What does https://html5test.com/ say for h.264 (video) and aac (audio) support?

What does https://bitmovin.com/demos/drm say below the video for MSE and EME?

If you goto the URL opera://flags/#disable-accelerated-video-decode, disable the flag and restart Opera, do things work then? If not, if you goto the URL opera://settings/system, disable hardware acceleration and restart Opera, do things work then?

Do you have an "N" edition of Windows? If so, you may need to install (or uninstall and resinstall) the Windows Media Feature Pack.

You might have to download this tweak tool and reset the Windows Media Foundation.

Does Vivaldi have the same problem?

If you goto the URL opera://components and look at the Widevine component, does is say some version for it or does it say 0.0.0.0? Either way, you can goto the URL opera://about and take note of the "profile" path. Then, close Opera and delete the WidevineCDM folder in the profile folder. Then, start Opera, goto opera://components and click "update" for the Widevine update, and make sure it updates from 0.0.0.0 to some version.

If you goto the URL opera://media-internals after trying to play a video, you can click on the section for the video player in question to expand it. There, you can see what errors (if any) there are. You can also see what type of video and audio Opera is trying to play, which may point you in the right direction of the problem.
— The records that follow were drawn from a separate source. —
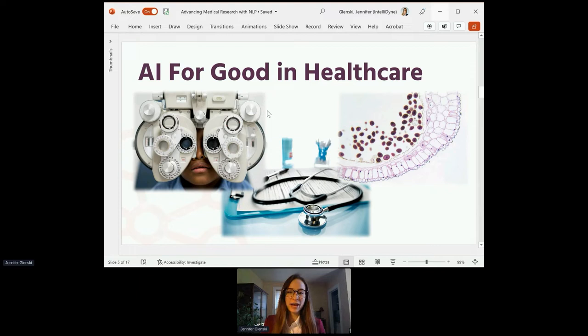A little overview of AI for good in healthcare: there are a lot of different applications, and we'll look at some today, ranging from detecting diseases to classifying medical imagery to analyzing large portfolios of medical research at a scale that wouldn't be possible manually. There's a wide variety of applications that can do good in the world, and we'll see that there are just as many in healthcare alone.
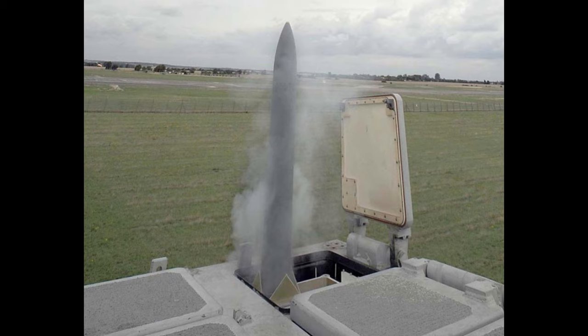CCEPTA, sometimes referred to as CAMM standing for Common Anti-Air Modular Missile, is a surface-to-air missile system developed by MBDA for the British Royal Navy and Italian Naval Services as a short-range missile system designed to replace the ageing Seawolf system developed back in the 1970s.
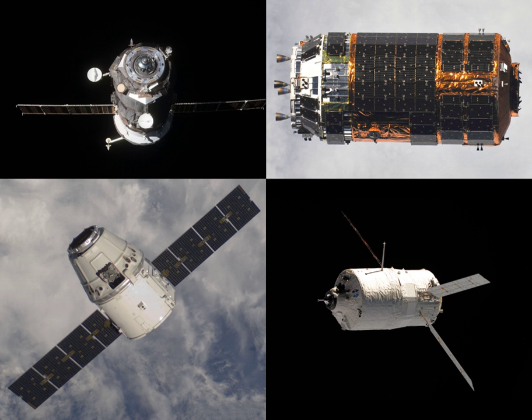Progress MS-12 is scheduled to dock with the aft docking port of the Zvezda module.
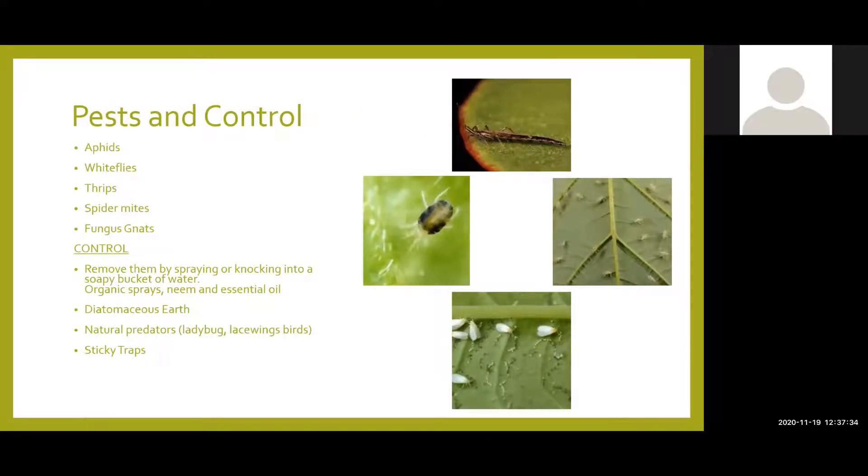Then we have pests and control. I know houseplants can be a little bit easier than outdoor plants, but it is really important to remember that you can still get pests on your plants inside. All of these that you see on the slide, I've dealt with them all. Up in the top we've got a thrip, a spider mite, whiteflies, and aphids. These are pretty much the only ones I've really dealt with inside. And fungus gnats — fungus gnats just kind of happen from overwatering, but they're very easy to control. Most of these pests are very easy to control if you're monitoring your plants every day — you will notice them.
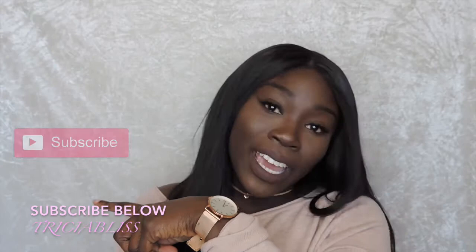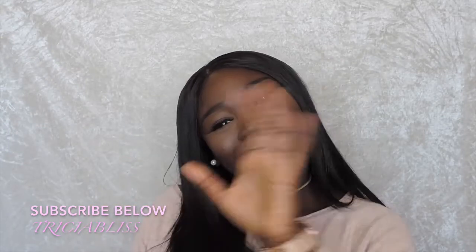Hey guys, thank you so much for clicking into this video. Today I have a hair review for you — it's my final review, my final update on my Ali Pearl hair. This is the hair I've been rocking in all my Instagram photos, and the hair I wore in 2017 to my graduation. If you want to know how I feel about this hair, please stay tuned. Don't forget to like, comment, and subscribe.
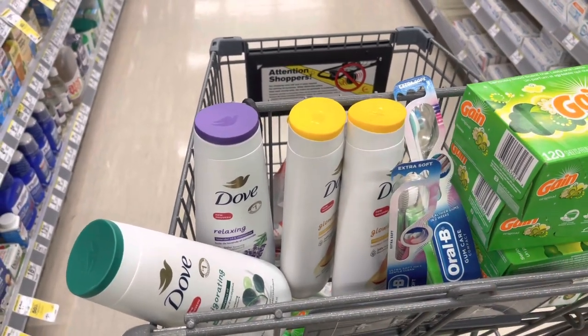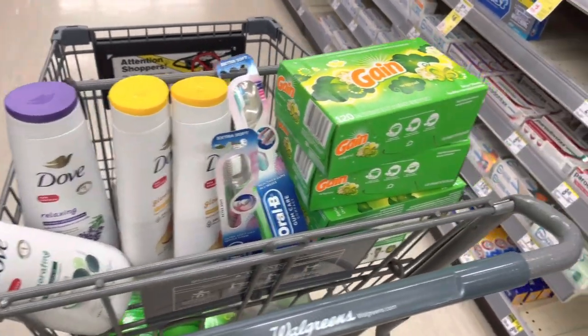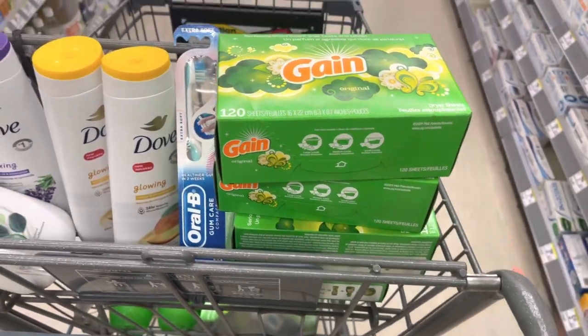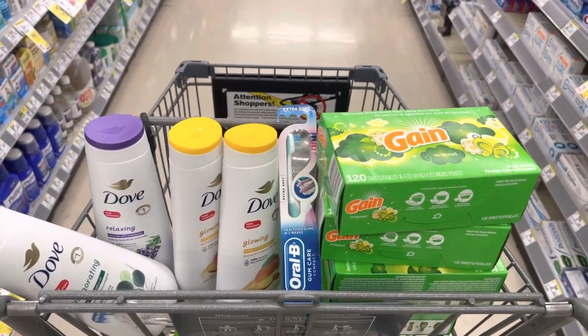If you're not a couponer that may be a lot, but I'm just trying to explain what I'm doing. These are going to be one dollar with my coupons. That's pretty much it — I'll let y'all know how it goes once I get up to the register.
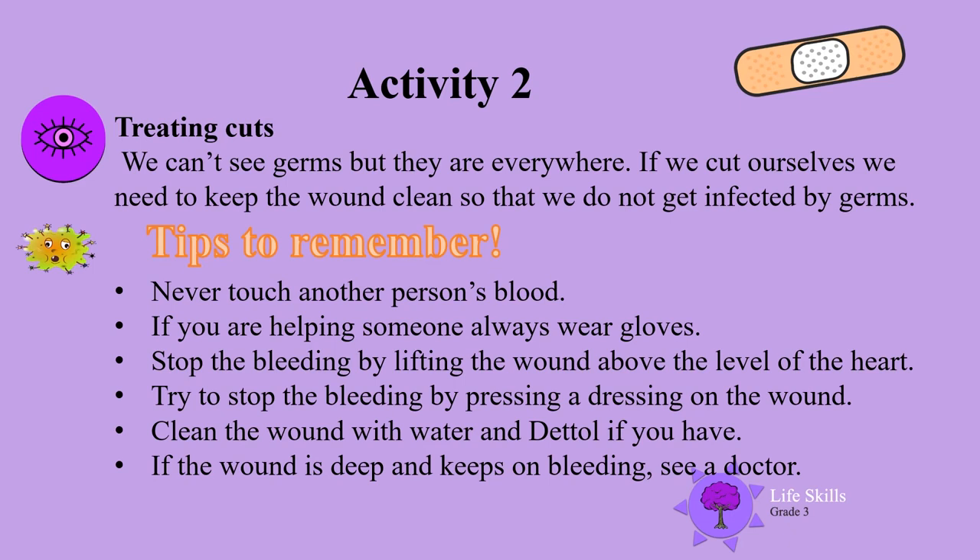Activity 2: Treating cuts. We can't see germs but they are everywhere. If you cut yourself, we need to keep the wound clean so that we do not get infected by germs. Tips to remember: Never touch another person's blood. If you are helping someone, always wear gloves. Stop the bleeding by lifting the wound above the level of the heart. Try to stop the bleeding by pressing a dressing on the wound. Clean the wound with water and antiseptic if you have it. If the wound is deep and keeps on bleeding, please see a doctor.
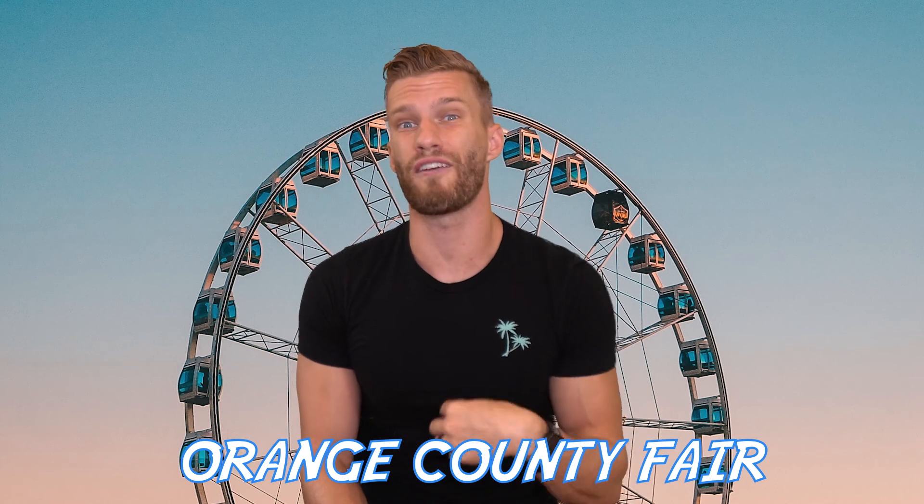If you're looking for a summer activity to do for the entire family, look no further than the Orange County Fair. We're gonna go over everything you need to know about this fair in this week's video.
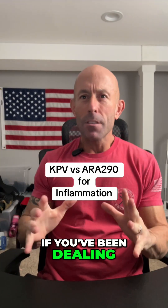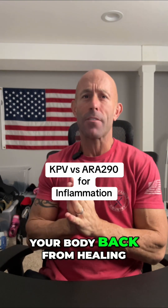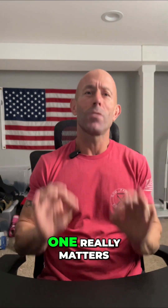Let's talk inflammation, because if you've been dealing with chronic pain, flare-ups, gut issues, or nerve irritation, this is one of the biggest things holding your body back from healing. Two of my favorite tools for this are ARA290 and KPV, but they work totally differently, so choosing the right one really matters.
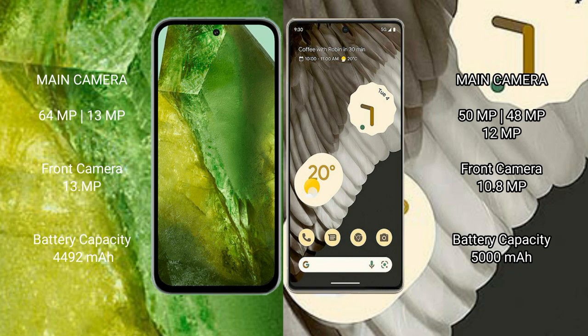Google Pixel 8a has a 4492mAh battery with 30-watt fast charging support. Google Pixel 7 Pro has a 5000mAh battery with 30-watt fast charging support.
Sometimes sites block Opera. You can make a site think you're using Chrome instead of Opera. Install this user-agent extension and select Chrome for Windows for the site you want to try it out on. Then, click the edit button at the bottom of the extension button's dialog to edit the string it uses for Chrome for Windows. You want it to be what Chrome says for the user agent at the URL chrome://version. Right now that's Mozilla/5.0 (Windows NT 10.0; Win64; x64) AppleWebKit/537.36 (KHTML, like Gecko) Chrome/81.0.4044.122 Safari/537.36.